Azerbaijan’s national icon in the marine and offshore industry, the Baku Shipyard, last week introduced the first oil tanker and ferry of local production that will be used on the Caspian Sea.
“The tanker is 141 meters long and 16.9 meters wide. The weight of the ship is 7875 tons,” Rauf Veliyev, chairman of the Azerbaijan Caspian Sea Shipping Company, told President Ilham Aliyev, who attended the tanker’s commissioning at the Baku Shipyard on December 13.
“[This is] a Volga-Don MAX project. It is a tanker that is able to cross the Volga-Don River and has a maximum carrying capacity,” the chairman said, according to remarks posted to the president’s official website. “Unlike others, it has the capacity to pass over this canal with a load capacity of more than 4-5 thousand tons. . . with a maximum load of 5,600 tons.”
The crude oil tanker was named “Lachin” in honor of a region located around the Nagorno-Karabakh region of Azerbaijan.

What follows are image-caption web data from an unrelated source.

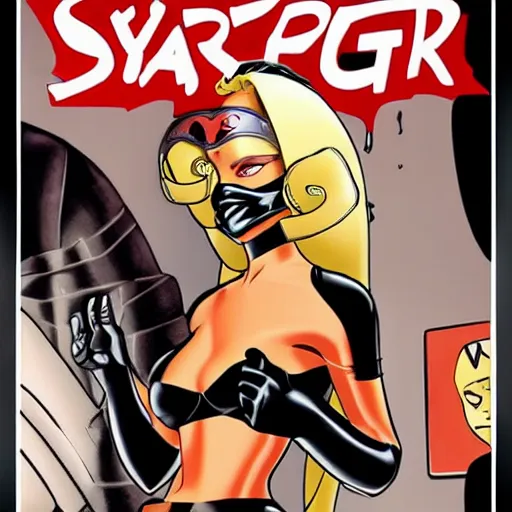 Prompt: sydney savage danger girl pin - up, mask covering mouth, medium shot, bruce timm, j. scott campbell, andy hartnell, inked, tight fit, curvaceous, slim, pinned against a wall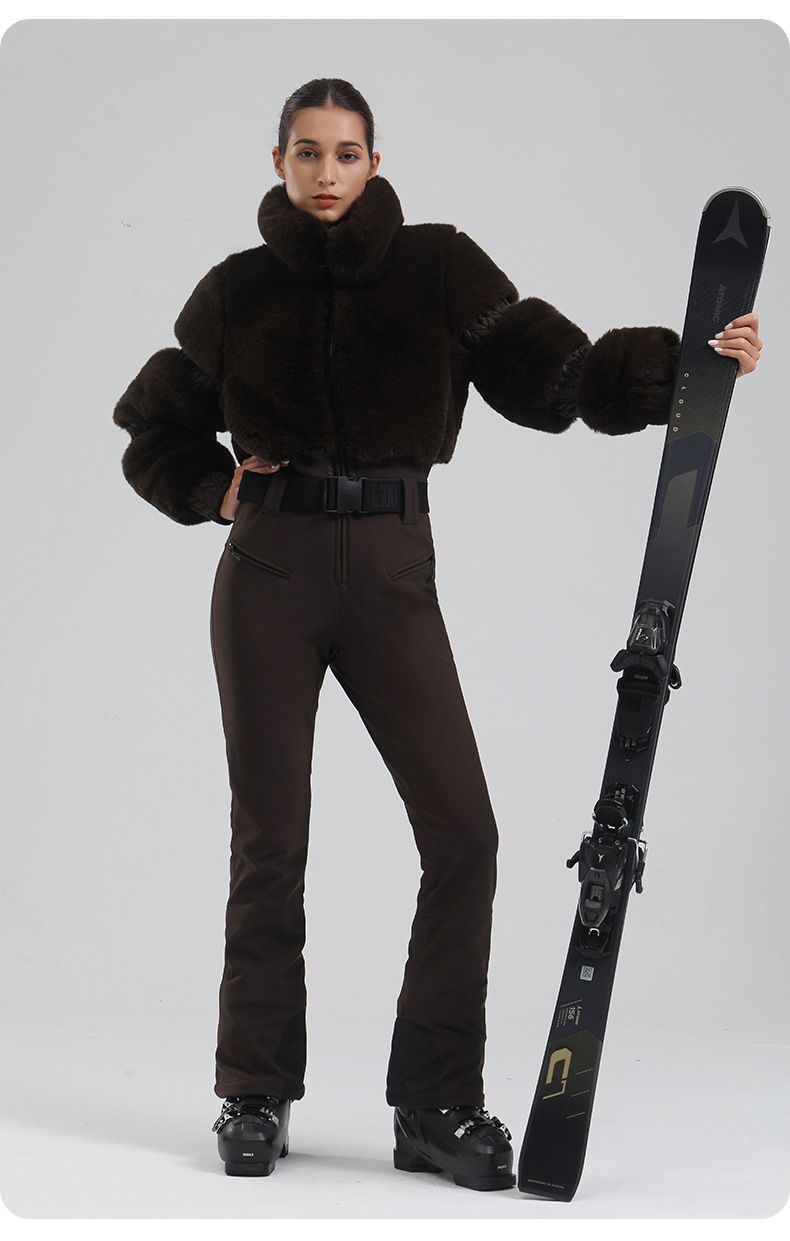 Traje de esquí de invierno para mujer: traje de nieve de una pieza ajustado, con aislamiento térmico y resistente al viento para esquí alpino y deportes al aire libre._voghion.com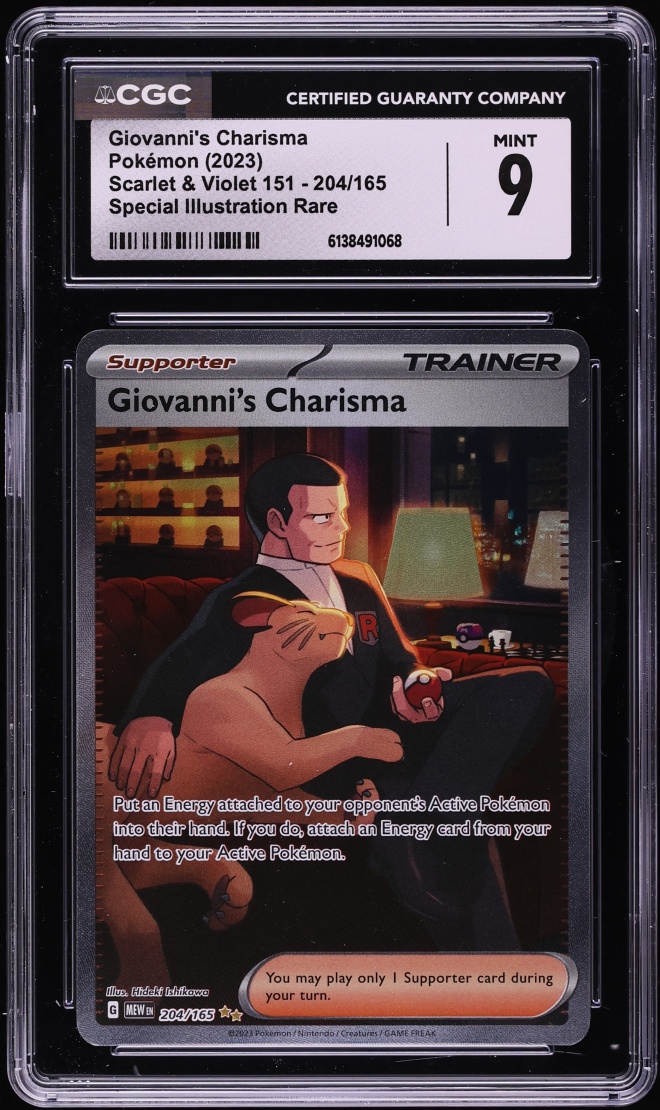 2023 Pokemon Scarlet & Violet 151 SIR Giovanni's Charisma #204 CGC 9 MINT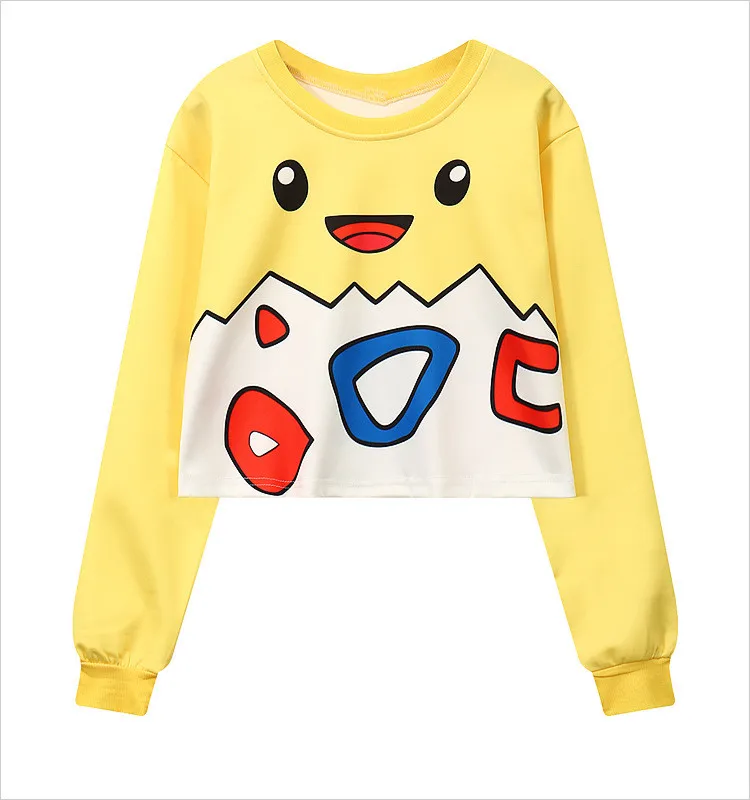 WY0996 Hiawatha женские милые толстовки с героями мультфильмов Осень Harajuku стиль o-образным вырезом Короткие топы свободный свитер с длинными рукавами WY0996 - Цвет: WY0996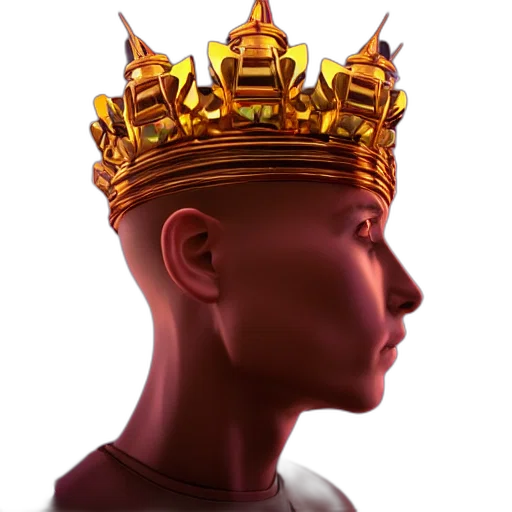 crown, hat, face, mask, concept art, 3d render, photorealistic, fantasy art transparent PNG cut-out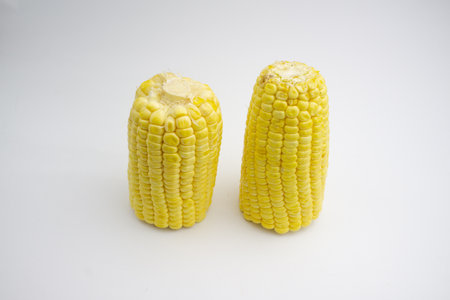 Cracked sweet corn. fresh corn. isolated on white background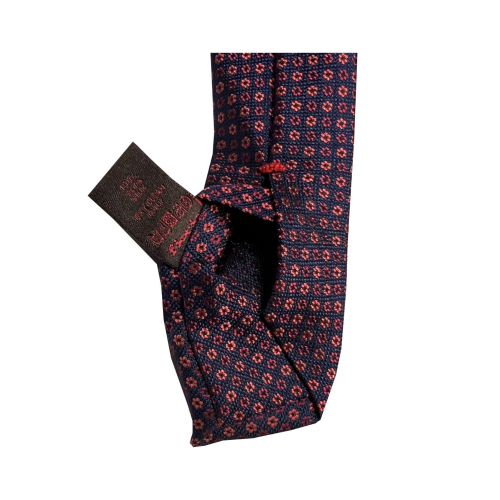 FIORIO MILANO men's lined tie with flower pattern, 100% silk MADE IN ITALY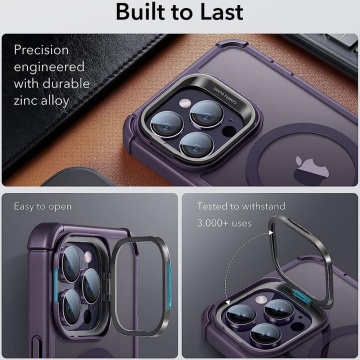 [Pachet 360°] Husa + folie iPhone 14 Pro Max ESR Shock Armor Kickstand HaloLock - Violet - Img 7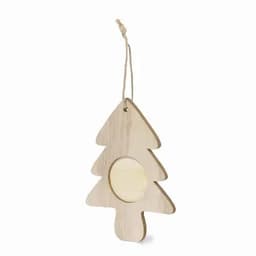 A wooden Christmas tree decoration with a natural finish and a circular cut-out, featuring a hanging twine.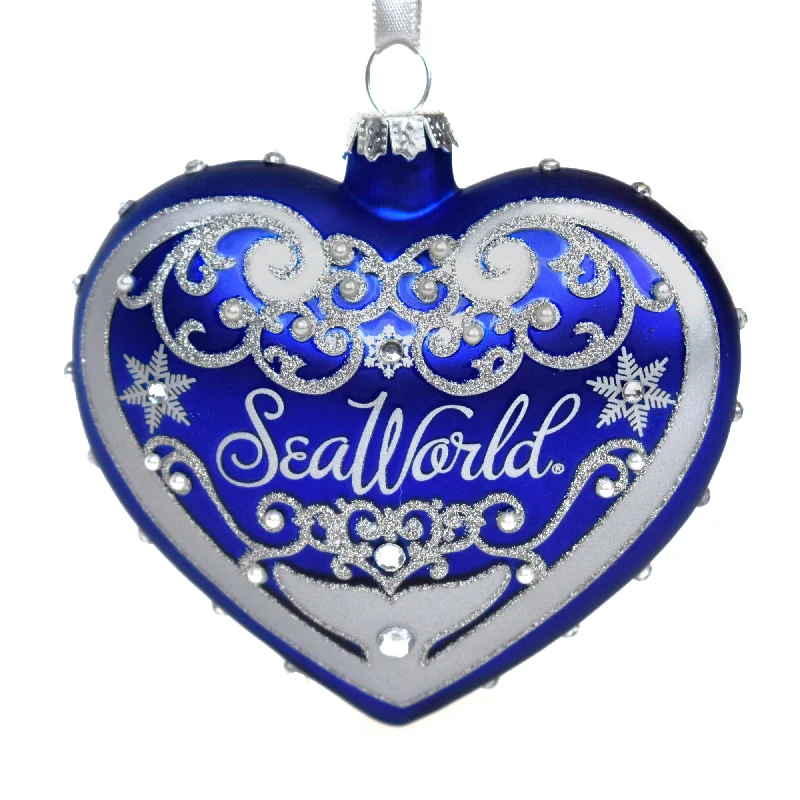 SeaWorld Blue Glass Heart Ornament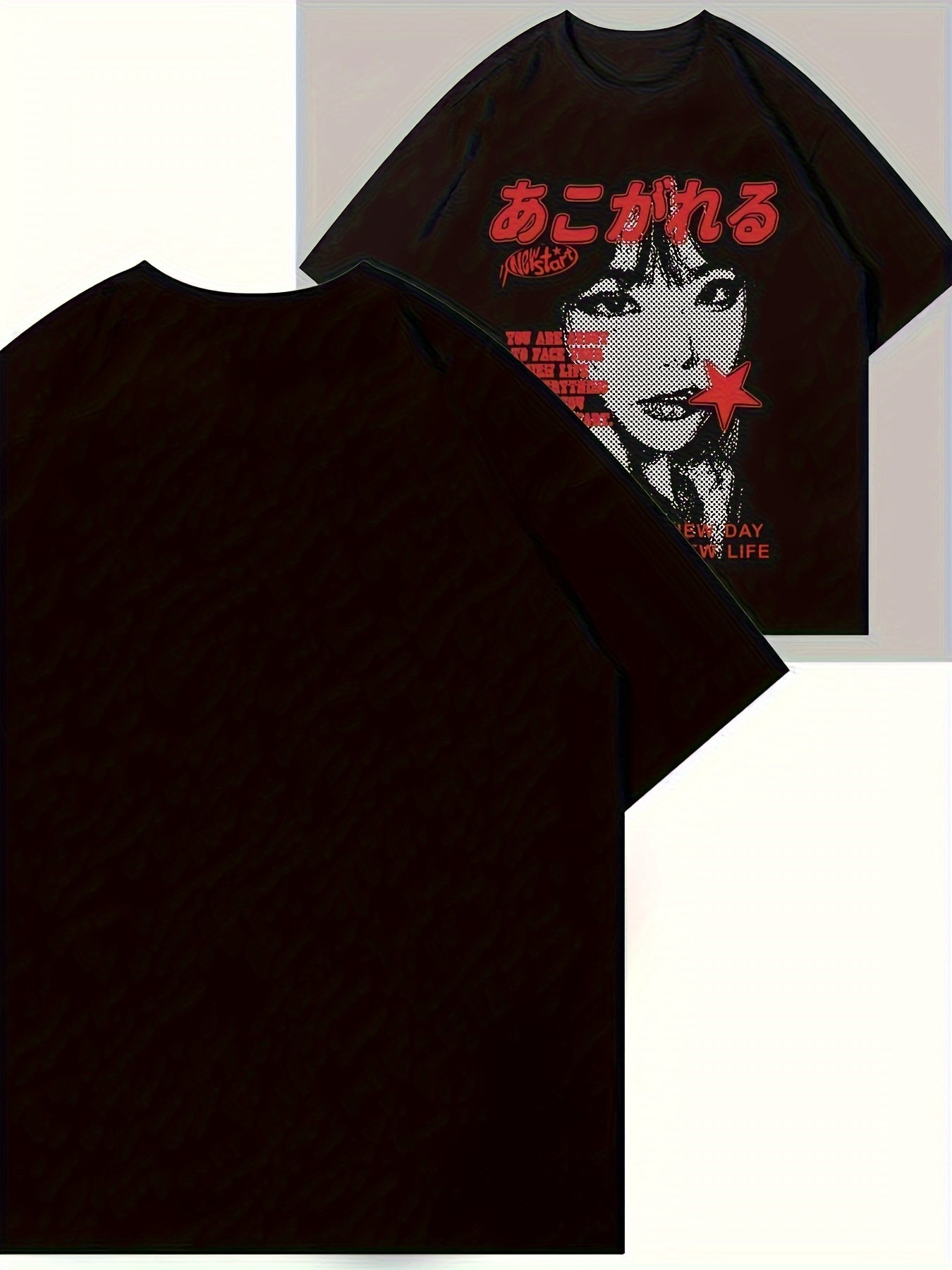 Camiseta de manga larga con cuello redondo para mujer, con estampado de letras y figuras, moda primavera verano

Both Nagorno-Karabakh region and Lachin district, along with six other districts of the country, were occupied by Armenia during a full-scale war that lasted from 1991 until a ceasefire deal in 1994. All the regions remain under Armenia’s occupation, despite four UN Security Council Resolutions that call for an immediate withdrawal of forces.
Lachin’s construction was completed by the Baku Shipyard team in two years. The self-propelled tanker contains six cargo tanks for transporting crude oil and petroleum products, including gasoline. As one of 20 crude oil tankers belonging to Azerbaijan’s maritime fleet, Lachin will, for the first time, transport liquefied cargo via the Volga-Don and Volga-Baltic canals to marine basins located outside the Caspian Sea region.
The one and only ferry operator on the Caspian Sea, Azerbaijan Caspian Sea Shipping Company, owns the largest marine fleet in the Caspian basin, where fleets from Russia, Kazakhstan, Iran and Turkmenistan are also stationed. Azerbaijan’s fleet is comprised of more than 200 vessels, including 20 tankers, 13 ferries, 15 universal dry cargo ships, two roll on-roll off cargo type vessels, as well as one technical vessel and one floating workshop. Currently, 14 ships from Azerbaijan Caspian Sea Shipping Company float in international waters.
The launch of Lachin was not the only milestone in Azerbaijani shipbuilding and commissioning last week. Baku Shipyard also introduced the first ferry to be built under the “Made in Azerbaijan” brand.
A ferry vessel named “Azerbaijan” was also launched. As a roll on-roll off and passenger ferry, it can carry 50 railway cars, 50 TIR trucks and 100 passengers. The state-of-the-art boat was designed based on a project provided by Ukraine’s Odesa Marine Engineering Bureau and is available primarily for short international voyages.
Azerbaijani officials in Baku are hoping to leverage the country’s strategic location between Europe and Asia and make it an integral part of the Trans-Caspian International Transport Route (TITR). Vessels such as “Lachin” and “Azerbaijan” are expected to help make this vision a reality, and contribute to increased commerce between Europe and China, in particular.